Zillet; sadece kaybetmek değildir. Asıl zillet, kaybedeceğini bile bile susmak, geri çekilmek, gaflet uykusunda uyumaktır.

  1. Sürgün Planı: Coğrafyasız Bir Ümmet

İsrail’in Gazzelileri Endonezya, Libya ve Etiyopya gibi ülkelere sürme planı, yeni bir “modern Siyonist tehcir politikası”dır. Tarihte Yahudiler sürgün edilirken, bugün Siyonizm Filistinlileri yerinden etmektedir. Ve bu, bir milletin değil, bir ümmetin ortadan kaldırılması anlamına gelmektedir.

Ümmet coğrafyasızlaştırılıyor. Haritadan silinmiyor; akıldan ve kalpten silinmeye çalışılıyor. Bu da toprağın değil, şuurun işgalidir.

  1. Türkiye’ye Uzanan Gölgeler

Türkiye bu planların dışındaymış gibi davranamaz. Golan-Fırat koridoru tamamlandığında, hedefin Anadolu’nun güneyi ve doğusu olduğu aşikârdır. İsrail bu projeyi yıllardır bekliyordu. Bugün adım adım, taş taş üstüne koyarak ilerliyor.

Dışişleri Bakanı Hakan Fidan’ın açıklamaları, Türkiye’nin farkında olduğunu gösteriyor.
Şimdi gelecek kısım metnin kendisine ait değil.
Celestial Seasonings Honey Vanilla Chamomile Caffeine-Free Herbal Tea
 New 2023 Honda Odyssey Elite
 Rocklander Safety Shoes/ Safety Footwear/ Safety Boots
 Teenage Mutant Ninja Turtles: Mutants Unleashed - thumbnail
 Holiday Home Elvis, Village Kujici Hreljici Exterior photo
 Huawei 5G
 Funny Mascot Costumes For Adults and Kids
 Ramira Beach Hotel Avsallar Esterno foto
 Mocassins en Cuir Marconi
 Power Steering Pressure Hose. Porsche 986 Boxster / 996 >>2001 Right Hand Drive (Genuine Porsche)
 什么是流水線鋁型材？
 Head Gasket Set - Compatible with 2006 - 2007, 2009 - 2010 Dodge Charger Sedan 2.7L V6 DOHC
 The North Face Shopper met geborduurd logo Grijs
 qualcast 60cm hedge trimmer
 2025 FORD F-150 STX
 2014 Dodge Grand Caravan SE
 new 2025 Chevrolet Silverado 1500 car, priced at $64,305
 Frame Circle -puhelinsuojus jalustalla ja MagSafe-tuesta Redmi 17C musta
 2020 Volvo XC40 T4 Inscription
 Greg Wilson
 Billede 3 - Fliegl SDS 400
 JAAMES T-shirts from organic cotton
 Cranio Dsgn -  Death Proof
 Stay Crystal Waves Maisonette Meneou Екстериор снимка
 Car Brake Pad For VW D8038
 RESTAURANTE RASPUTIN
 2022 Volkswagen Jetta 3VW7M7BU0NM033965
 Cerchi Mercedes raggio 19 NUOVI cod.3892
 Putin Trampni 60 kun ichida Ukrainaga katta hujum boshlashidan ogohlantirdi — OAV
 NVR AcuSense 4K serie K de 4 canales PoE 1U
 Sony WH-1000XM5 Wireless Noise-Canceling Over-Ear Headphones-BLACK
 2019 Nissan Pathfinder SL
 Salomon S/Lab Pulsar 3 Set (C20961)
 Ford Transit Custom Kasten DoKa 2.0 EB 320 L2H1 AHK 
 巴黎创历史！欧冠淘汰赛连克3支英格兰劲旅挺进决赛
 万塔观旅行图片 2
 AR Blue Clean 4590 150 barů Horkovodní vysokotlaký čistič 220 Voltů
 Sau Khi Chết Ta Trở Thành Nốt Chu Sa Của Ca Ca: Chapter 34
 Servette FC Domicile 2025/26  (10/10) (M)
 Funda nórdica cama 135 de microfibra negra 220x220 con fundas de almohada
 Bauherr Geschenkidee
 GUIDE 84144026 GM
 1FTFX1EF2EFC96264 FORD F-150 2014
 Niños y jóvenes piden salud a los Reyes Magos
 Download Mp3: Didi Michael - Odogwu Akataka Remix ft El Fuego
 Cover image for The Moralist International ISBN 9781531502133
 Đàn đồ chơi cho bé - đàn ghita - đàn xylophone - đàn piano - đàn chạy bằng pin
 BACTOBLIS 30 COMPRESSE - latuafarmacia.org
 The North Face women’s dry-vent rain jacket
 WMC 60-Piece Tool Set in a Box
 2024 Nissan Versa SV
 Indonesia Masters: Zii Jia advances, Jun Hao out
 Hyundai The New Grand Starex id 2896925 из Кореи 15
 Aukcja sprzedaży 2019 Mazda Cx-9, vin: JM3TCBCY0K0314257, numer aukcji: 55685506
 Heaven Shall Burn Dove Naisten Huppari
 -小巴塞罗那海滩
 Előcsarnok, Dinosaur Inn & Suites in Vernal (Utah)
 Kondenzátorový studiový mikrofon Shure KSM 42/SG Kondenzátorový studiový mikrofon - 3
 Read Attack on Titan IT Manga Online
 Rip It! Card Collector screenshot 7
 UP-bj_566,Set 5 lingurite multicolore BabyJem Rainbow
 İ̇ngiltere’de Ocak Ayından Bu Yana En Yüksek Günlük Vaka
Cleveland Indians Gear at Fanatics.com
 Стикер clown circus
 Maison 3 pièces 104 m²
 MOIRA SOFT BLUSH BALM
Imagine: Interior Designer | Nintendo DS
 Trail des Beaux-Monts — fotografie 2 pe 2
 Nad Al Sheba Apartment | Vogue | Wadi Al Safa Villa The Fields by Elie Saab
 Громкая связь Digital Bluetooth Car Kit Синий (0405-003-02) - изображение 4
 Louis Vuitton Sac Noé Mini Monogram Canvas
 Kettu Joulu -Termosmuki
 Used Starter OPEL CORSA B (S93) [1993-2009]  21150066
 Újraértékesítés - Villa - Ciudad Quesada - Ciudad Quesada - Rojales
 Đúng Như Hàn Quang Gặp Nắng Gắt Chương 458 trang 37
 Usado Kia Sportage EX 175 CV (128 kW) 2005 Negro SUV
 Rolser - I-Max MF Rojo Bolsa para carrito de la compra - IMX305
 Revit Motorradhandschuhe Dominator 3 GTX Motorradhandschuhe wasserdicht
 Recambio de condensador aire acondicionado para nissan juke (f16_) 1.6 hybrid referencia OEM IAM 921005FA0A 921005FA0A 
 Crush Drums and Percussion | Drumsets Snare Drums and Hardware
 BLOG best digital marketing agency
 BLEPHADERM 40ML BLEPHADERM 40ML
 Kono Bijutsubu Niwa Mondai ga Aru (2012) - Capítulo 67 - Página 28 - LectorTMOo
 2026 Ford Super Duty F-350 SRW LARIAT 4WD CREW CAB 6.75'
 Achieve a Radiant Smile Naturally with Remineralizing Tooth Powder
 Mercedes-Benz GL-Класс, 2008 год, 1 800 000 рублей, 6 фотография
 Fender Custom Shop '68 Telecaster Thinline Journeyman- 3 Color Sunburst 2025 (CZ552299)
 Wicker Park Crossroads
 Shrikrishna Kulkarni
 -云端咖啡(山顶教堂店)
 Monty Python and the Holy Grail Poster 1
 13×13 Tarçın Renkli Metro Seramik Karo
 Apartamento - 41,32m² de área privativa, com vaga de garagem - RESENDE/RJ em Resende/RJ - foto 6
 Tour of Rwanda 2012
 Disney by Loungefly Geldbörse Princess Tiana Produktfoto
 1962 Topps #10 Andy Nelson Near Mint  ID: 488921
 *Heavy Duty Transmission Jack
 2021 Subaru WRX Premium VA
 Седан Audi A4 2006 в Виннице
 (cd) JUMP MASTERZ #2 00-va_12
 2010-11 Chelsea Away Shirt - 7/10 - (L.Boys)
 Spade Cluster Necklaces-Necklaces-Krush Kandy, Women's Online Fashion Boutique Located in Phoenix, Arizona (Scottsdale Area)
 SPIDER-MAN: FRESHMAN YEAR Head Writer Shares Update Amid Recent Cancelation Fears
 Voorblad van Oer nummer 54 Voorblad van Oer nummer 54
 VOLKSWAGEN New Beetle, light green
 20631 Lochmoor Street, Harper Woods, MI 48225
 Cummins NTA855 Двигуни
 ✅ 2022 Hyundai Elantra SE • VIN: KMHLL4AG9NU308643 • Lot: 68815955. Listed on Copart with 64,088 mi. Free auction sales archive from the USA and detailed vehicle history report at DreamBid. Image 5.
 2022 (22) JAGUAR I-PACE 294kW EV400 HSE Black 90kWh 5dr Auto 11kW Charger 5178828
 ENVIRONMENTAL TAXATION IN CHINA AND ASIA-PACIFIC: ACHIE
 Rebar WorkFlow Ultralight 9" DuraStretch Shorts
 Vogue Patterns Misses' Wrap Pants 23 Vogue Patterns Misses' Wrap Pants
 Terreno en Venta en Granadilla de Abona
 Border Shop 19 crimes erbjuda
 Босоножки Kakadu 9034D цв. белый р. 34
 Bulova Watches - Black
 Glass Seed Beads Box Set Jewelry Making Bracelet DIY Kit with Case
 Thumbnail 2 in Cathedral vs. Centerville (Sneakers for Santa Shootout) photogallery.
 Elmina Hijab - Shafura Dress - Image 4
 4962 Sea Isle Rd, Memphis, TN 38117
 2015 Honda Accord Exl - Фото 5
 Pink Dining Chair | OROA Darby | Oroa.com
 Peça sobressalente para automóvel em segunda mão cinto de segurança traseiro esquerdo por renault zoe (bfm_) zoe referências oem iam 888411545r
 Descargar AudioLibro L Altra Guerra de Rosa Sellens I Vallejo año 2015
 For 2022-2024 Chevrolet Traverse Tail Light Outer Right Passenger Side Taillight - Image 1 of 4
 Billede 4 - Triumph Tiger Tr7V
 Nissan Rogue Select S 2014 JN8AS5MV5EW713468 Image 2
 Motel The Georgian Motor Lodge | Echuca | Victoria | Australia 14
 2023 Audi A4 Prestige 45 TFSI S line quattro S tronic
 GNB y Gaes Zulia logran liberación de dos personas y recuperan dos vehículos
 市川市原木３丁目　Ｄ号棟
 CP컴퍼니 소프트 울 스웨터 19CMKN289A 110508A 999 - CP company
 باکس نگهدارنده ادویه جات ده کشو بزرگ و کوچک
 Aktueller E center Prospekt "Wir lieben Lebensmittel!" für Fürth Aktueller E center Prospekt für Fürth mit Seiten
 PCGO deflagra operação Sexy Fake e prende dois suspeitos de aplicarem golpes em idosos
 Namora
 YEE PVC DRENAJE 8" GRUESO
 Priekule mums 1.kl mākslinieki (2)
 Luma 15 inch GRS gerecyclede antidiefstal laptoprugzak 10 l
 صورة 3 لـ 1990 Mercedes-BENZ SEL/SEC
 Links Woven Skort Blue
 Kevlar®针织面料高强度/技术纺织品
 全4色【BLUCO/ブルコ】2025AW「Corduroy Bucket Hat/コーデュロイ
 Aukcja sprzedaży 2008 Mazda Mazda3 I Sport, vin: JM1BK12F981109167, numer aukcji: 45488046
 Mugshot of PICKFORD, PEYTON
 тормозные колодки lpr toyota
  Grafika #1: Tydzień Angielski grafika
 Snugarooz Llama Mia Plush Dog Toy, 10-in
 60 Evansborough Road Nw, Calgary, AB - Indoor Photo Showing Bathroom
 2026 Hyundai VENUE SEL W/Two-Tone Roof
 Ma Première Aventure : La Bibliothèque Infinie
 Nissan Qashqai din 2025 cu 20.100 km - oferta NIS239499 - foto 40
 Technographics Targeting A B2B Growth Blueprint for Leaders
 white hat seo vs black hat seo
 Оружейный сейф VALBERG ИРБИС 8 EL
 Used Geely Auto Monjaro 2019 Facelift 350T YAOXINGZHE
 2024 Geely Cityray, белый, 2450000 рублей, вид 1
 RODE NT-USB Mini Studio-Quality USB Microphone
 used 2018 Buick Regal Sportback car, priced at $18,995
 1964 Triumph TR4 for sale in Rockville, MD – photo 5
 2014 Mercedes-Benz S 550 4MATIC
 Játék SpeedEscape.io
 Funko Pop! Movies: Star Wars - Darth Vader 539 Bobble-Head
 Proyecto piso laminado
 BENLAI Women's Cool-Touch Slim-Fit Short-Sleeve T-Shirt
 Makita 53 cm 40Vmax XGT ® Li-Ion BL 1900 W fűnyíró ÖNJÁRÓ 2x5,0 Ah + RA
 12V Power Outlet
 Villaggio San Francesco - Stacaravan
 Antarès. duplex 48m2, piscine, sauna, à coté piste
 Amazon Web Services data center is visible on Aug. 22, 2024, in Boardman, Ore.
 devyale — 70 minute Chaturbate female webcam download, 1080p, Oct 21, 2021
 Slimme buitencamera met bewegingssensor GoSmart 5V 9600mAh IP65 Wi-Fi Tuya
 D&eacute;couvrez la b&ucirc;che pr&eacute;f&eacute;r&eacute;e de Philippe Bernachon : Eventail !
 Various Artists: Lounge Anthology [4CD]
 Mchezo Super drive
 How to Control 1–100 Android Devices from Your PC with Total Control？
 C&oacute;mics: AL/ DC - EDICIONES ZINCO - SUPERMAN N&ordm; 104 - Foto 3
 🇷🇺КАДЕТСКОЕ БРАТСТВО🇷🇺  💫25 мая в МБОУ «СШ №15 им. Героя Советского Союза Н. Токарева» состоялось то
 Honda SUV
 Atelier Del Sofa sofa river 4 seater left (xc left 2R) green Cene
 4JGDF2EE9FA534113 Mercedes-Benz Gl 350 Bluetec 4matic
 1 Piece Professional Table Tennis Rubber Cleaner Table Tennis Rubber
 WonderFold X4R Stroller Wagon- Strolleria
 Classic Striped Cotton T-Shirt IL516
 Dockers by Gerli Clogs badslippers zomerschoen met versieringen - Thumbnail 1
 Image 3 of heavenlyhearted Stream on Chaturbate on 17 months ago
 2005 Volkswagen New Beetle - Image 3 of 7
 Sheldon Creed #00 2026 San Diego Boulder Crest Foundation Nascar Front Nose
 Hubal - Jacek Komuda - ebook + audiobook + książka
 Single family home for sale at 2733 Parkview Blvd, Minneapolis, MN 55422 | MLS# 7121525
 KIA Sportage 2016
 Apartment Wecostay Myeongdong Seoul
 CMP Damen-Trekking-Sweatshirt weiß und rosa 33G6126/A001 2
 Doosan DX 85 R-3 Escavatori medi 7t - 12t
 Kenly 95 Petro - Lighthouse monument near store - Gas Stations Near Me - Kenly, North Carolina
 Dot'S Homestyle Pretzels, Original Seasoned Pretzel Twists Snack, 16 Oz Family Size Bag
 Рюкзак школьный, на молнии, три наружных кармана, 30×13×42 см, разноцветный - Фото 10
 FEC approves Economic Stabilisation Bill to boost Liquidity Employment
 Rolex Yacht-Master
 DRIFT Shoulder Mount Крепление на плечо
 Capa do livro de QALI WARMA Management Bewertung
Ama farkındalık, fiili karşılık üretmediği sürece yetersizdir. Diplomasi masa başında değil, sahada şekillenir. Ve sahayı şekillendiremeyenler, masa başında şekillendirilir.

Sonuç: Vicdan, Zihin ve İrade İnkırazı

Gazze’de insanlar yerden kumlu un toplarken; İslam dünyasında lüks otel lobilerinde strateji konuşuluyor. Gazze’de çocuklar çivili mühimmatla parçalanırken; bazı başkentlerde “denge politikası” adına katliama sessiz kalınıyor.

Bu artık sadece bir Filistin meselesi değil; bu, bir insanlık, bir irade, bir imtihan meselesidir.
Bu zulüm çağında tarafsız kalanlar, zalimden yana olur.
Ve unutulmamalıdır: Allah zulmedenlere mühlet verir ama asla ihmal etmez.

Makale Özeti:

Gazze’de yaşanan dram, çağımızın en büyük insanlık suçlarından biridir.

İsrail’in Suriye’deki “Davut Koridoru” planı, hem bölgesel hem teolojik bir işgal stratejisidir.

Gazzelileri sürgün etme planı, bir halkın coğrafyasızlaştırılmasıdır.

İslam dünyasının sessizliği, bir acziyet değil, sistematik bir zillet halidir.

Türkiye bu kuşatmanın hedefindedir; diplomasi kadar sahada varlık göstermek zorundadır.

Sonuç: Bu çağ, ya direnişle şereflenilecek ya da zilletle anılacaktır.